I think that is it. Purchased today, a 7.2 panel as everything can and hopefully will be fished coming out at speaker point. I do not want to see one cable if possible.

Did I do okay for a noob and certainly not philed enough to need more or even know the difference. Neighbor has about 15K+ in his system, think paid something like 3K a speaker and when he just took my stuff as it came in, to test on his, to ensure no DOA as it may be 2 months before this is done. He was quite amazed at a speaker low likt the 75t and went ahead missing the sale and picking himself up four at the $199 ea price. That made me feel good that he would even mess with or even like it.

Please, be gentle but firm where I did okay and where I might want to exchange if you may help.

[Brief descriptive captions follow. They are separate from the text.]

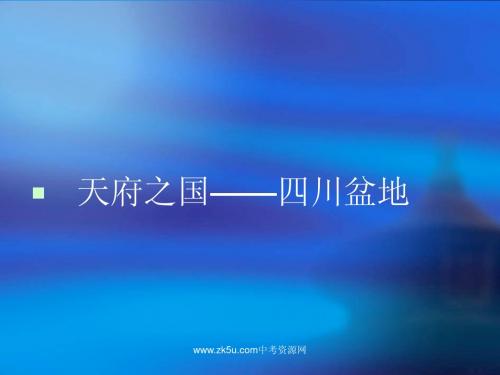 天府之国—四川省》课件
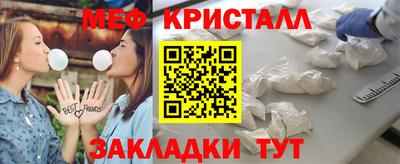 амфетамин Краснознаменск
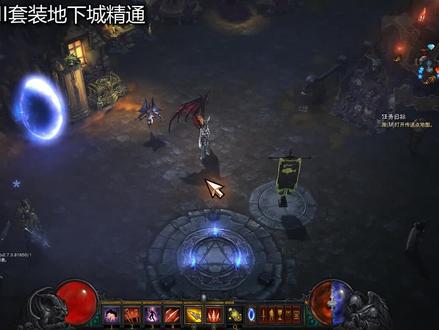 Diablo III套装地下城精通-猎魔人-娜塔亚#游戏精彩时刻 #游戏日常 #游戏日常分享 #游戏 #一起打游戏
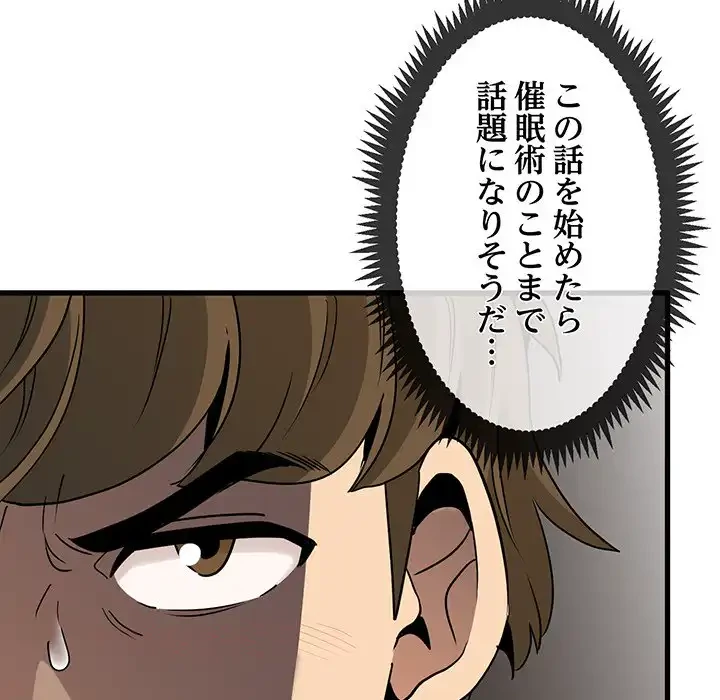 コインを揺らせば 第7話 - 147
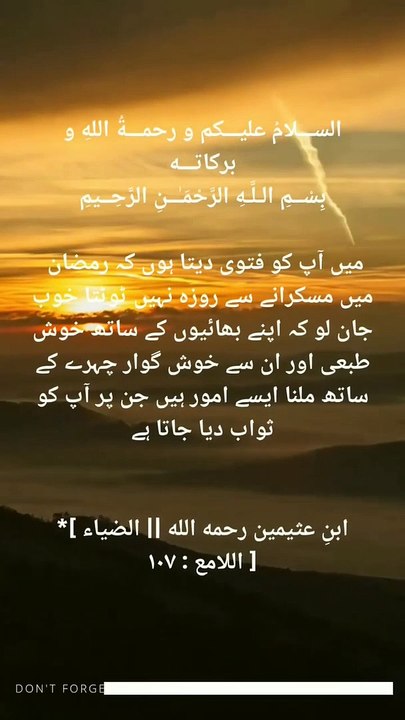 ابن_عثیمین_رحمۃ_اللّٰہ_علیہ(720p)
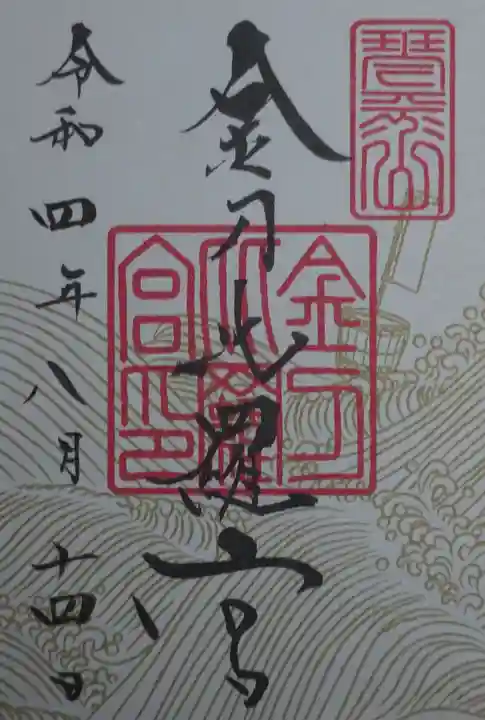 金刀比羅宮の御朱印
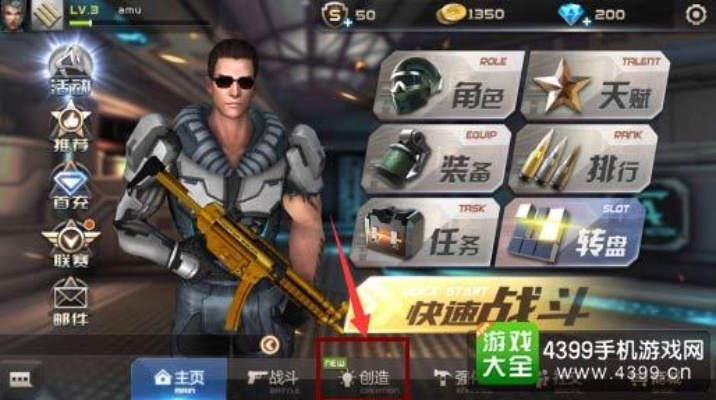 全民枪战互娱版本和阿里助手官方下载,最新答案解析说明-8K_v10.884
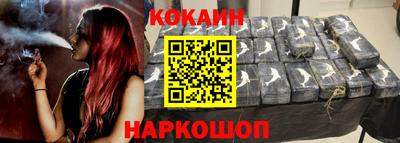 прущие грибы Кулебаки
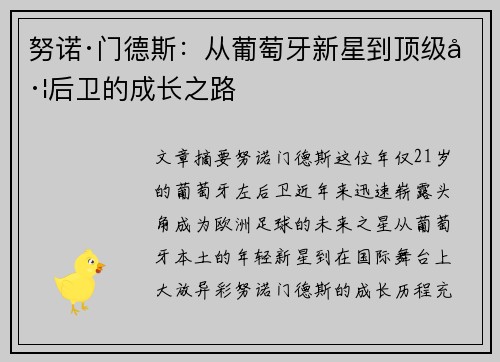 努诺·门德斯：从葡萄牙新星到顶级左后卫的成长之路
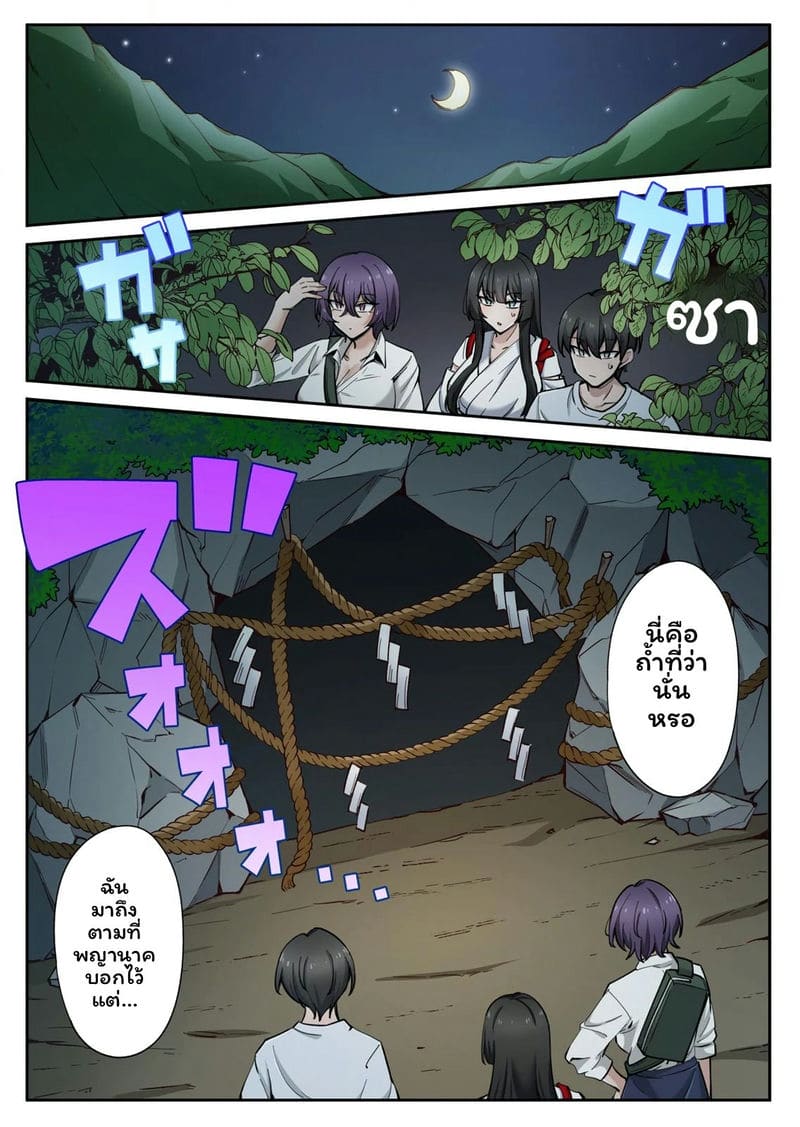 โดจิน เกาะแห่งความอาย 3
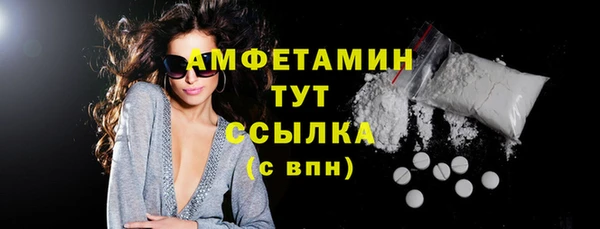мефедрон Пересвет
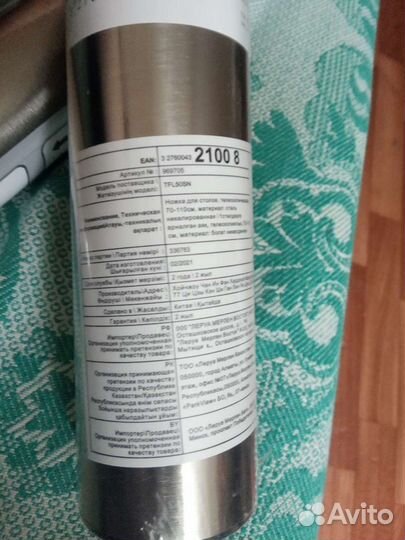 Ножка для столов, телескопическая новая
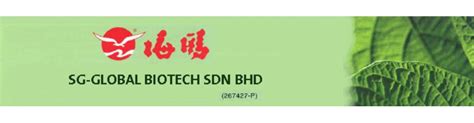 & 14 & 16, jalan tsb 7, taman perindustrian sg buloh, 47000 kota damansara, selangor, malaysia. Working at SG Global Biotech Sdn Bhd company profile and ...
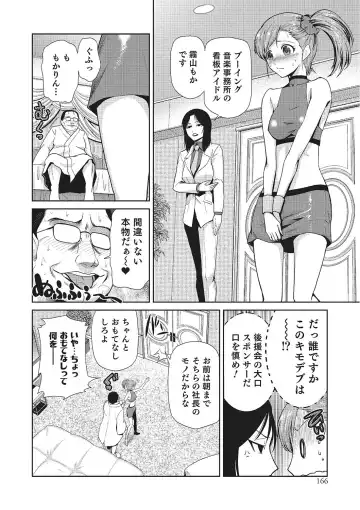 [Kakashi Asahiro] Megami no Saien ~NEET dakedo Harem Tsukuru yo!~ Fhentai - Page 165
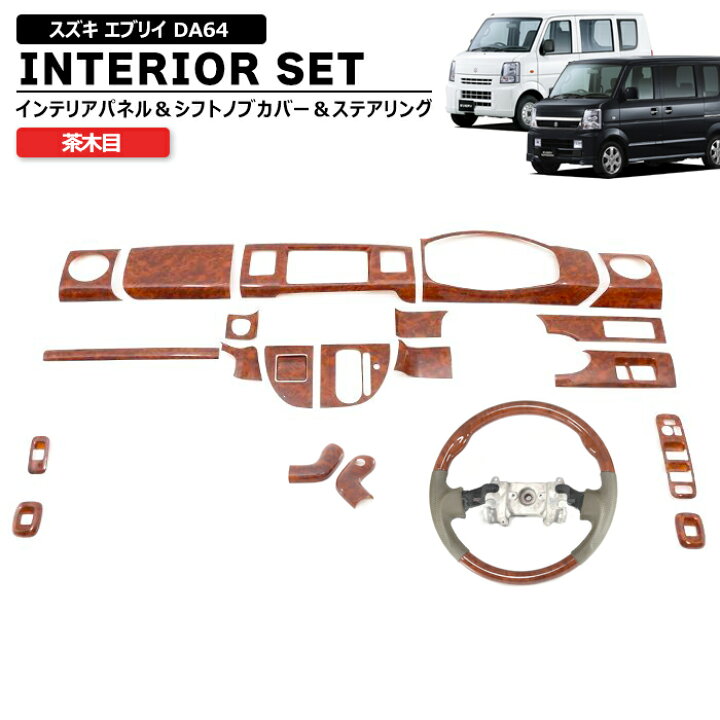 楽天市場】スズキ エブリイ DA64V DA64W 茶木目 インテリア 3点セット 
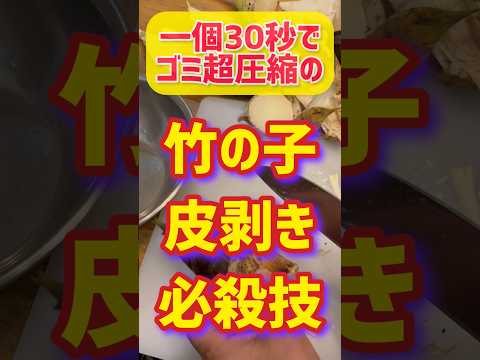 目からウロコ！たけのこ1個わずか30秒の爆速皮むき法！ ツルッ、ザクっ、バリっ、パカっと爽快でゴミ大幅削減の筍皮剥きの瞬間技　女性AI音声解説版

Thank you, loving it here. Have read for weeks, signed up today.

Cheers


----------



## Savjac (Apr 17, 2008)

Hi Shanty and welcome to the Shack.
You question is one that is asked a good deal and actually is hard to answer. Yes your equipment looks good and I am sure will perform well, with the only question being, do you like it as it is your system and no need to please anyone else.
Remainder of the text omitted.